## [TASK GOAL]
Using the records below, give again exactly the lines from the line that contains "Contactor: 4-pole; NO" through the line that contains "Family Stacking Block", both ends included, and only those.

'''

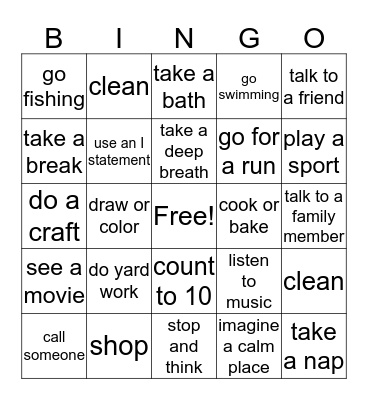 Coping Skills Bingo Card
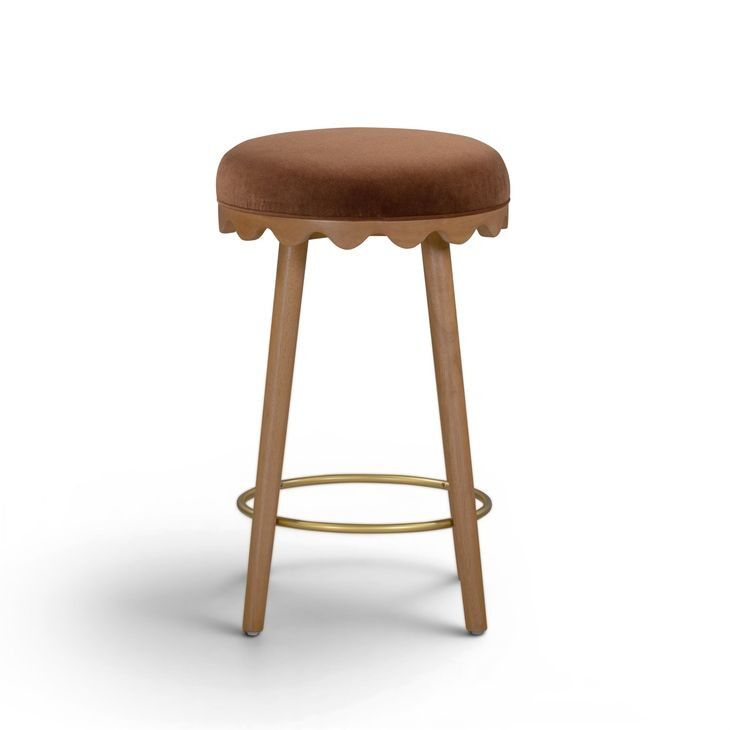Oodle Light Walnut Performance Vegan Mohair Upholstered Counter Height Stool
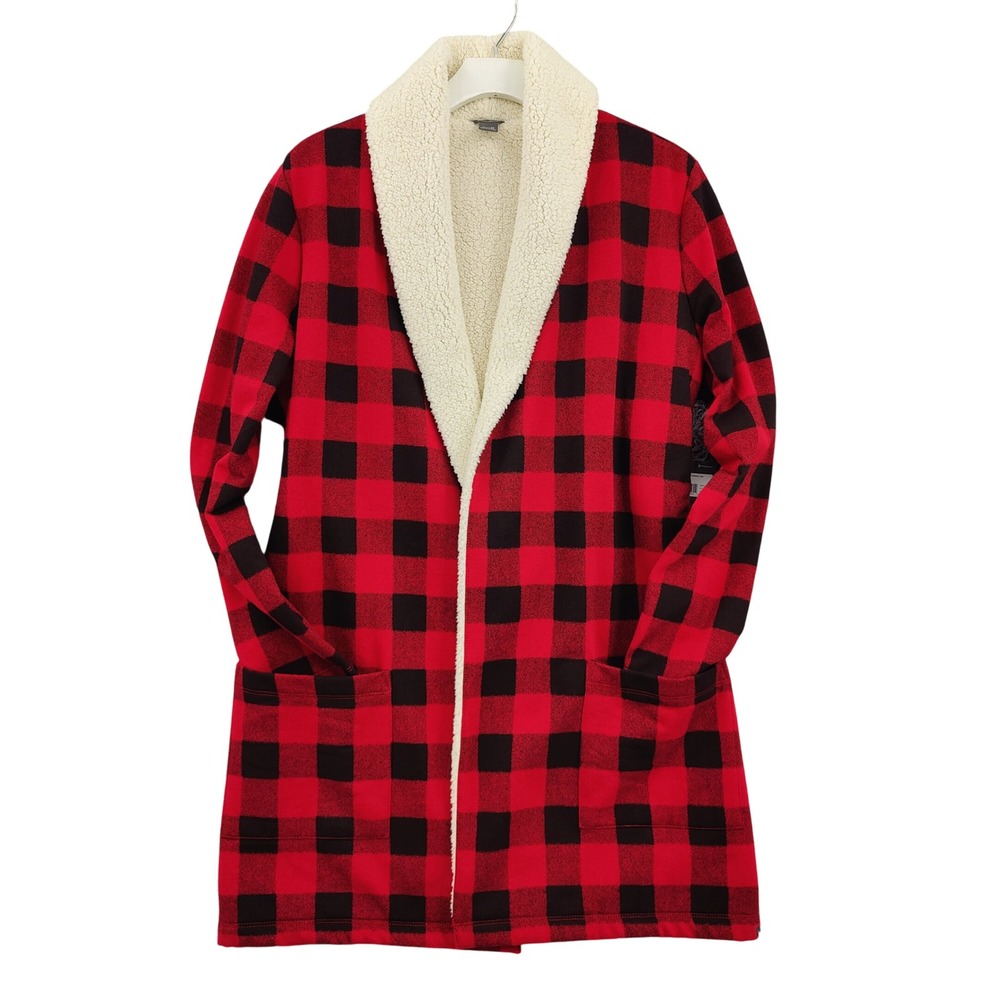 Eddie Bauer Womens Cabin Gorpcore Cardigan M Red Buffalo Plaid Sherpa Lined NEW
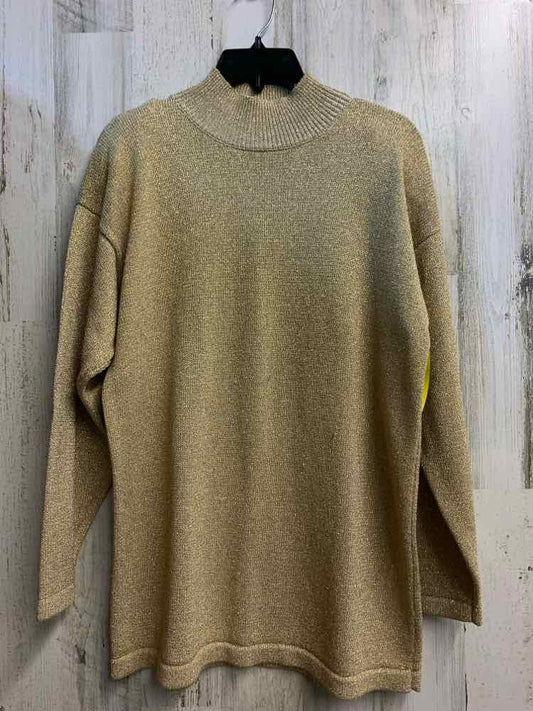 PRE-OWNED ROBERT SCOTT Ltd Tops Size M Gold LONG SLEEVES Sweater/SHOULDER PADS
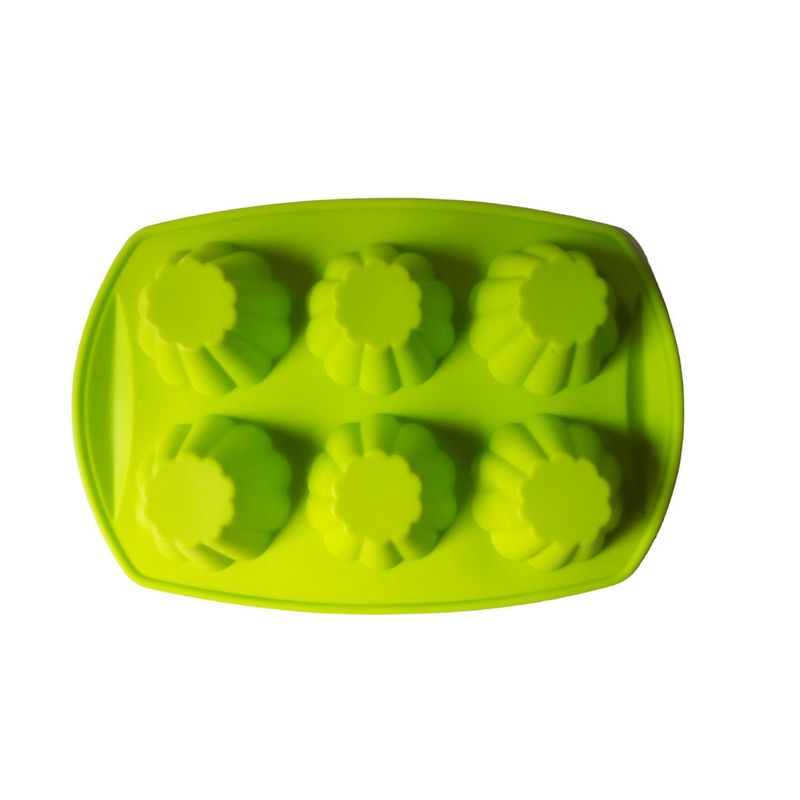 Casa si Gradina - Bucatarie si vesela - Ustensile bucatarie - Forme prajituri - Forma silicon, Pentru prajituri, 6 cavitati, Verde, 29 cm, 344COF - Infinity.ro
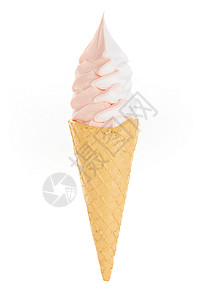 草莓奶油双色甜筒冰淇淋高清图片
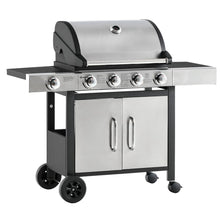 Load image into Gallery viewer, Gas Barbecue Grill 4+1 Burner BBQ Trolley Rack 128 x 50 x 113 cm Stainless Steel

'''
'''

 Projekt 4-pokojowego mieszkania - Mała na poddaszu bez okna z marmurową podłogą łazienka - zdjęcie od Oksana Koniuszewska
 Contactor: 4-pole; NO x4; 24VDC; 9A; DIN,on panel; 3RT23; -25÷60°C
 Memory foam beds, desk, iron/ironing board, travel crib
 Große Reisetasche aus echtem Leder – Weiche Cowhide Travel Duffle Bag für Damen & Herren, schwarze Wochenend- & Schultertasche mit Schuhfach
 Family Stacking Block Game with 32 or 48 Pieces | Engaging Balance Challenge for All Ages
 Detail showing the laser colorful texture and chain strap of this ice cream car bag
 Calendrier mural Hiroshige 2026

'''

## [ANSWER SECTION]
 Contactor: 4-pole; NO x4; 24VDC; 9A; DIN,on panel; 3RT23; -25÷60°C
 Memory foam beds, desk, iron/ironing board, travel crib
 Große Reisetasche aus echtem Leder – Weiche Cowhide Travel Duffle Bag für Damen & Herren, schwarze Wochenend- & Schultertasche mit Schuhfach
 Family Stacking Block Game with 32 or 48 Pieces | Engaging Balance Challenge for All Ages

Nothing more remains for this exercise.